Context:
I am working with some complicated schema and have got many CTEs and joins to get to this point. This is a watered-down version and completely different source data and example to illustrate my point (data anonymity). Hopefully it provides enough of a snapshot.
Data Overview:
I have a service which generates a production forecast looking ahead 30 days. The forecast is generated for each facility, for each shift (morning/afternoon). Each forecast produced covers all shifts (morning/afternoon/evening) so they share a common generation_id but different forecast_profile_key.

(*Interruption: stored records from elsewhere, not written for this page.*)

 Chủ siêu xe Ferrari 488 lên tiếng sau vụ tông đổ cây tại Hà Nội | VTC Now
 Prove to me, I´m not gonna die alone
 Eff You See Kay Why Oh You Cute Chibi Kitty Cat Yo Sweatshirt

What I am trying to do: I want to find the SUM of the forecast error for a given forecast generation constrained by a dynamic date range based on whether the date is a weekday or weekend. The SUM must be grouped only on similar IDs.
Basically, the temp table provides one record per facility per date per shift with the forecast error. I want to SUM the historical error dynamically for a facility/shift/date based on whether the date is weekday/weekend, and only SUM the error where the IDs match up.. (hope that makes sense!!)

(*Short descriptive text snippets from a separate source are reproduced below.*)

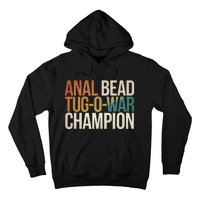 Anal Bead Tug O War Champion Funny Saying Hoodie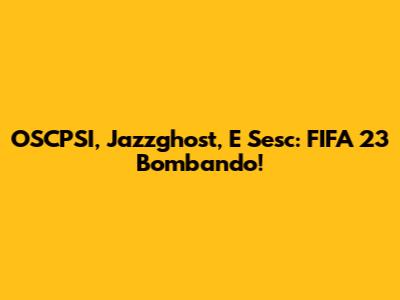 OSCPSI, Jazzghost, E Sesc: FIFA 23 Bombando!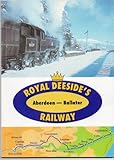 Image de Royal Deeside's Railway: Aberdeen to Ballater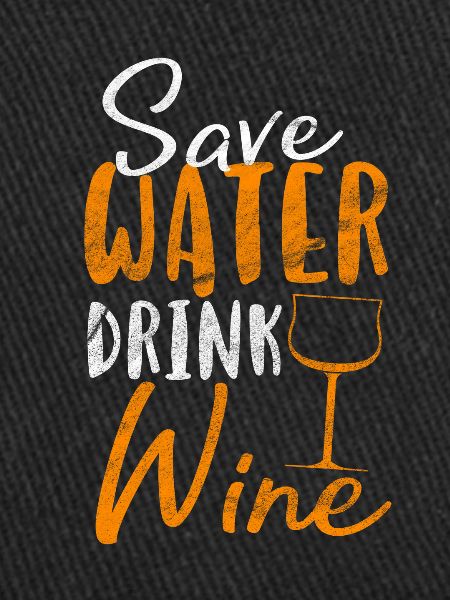 Spare water, drink wine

Specifics: I want to find the SUM grouped by 'week_part_grouping', 'forecast_profile_key', 'forecast_profile' and 'forecast_generation_id'. The part I am struggling with is that I only want to SUM the error dynamically based on date: (a) if the date is a weekday, I want to SUM the error from up to the 5 recent-most days in a 7 day look back period, or (b) if the date is a weekend, I want to SUM the error from up to the 3 recent-most days in a 16 day look back period.
Ideally, having an extra column for 'total_forecast_error_in_lookback_range'.
Specific examples:
For 'facility_a', '2020-11-22' is a weekend. The lookback range is 16 days, so any date between '2020-11-21' and '2020-11-05' is eligible. The 3 recent-most dates would be '2020-11-21', '2020-11-15' and '2020-11'14'. Therefore, the sum of error would be 2000+3250+1050.
For 'facility_a', '2020-11-20' is a weekday. The lookback range is 7 days, so any date between '2020-11-19 and '2020-11-13'. That would work out to be '2020-11-19':'2020-11-16' and '2020-11-13'.
For 'facility_b', notice there is a change in the 'forecast_generation_id'. So, the error for '2020-11-20' would be only be 4565.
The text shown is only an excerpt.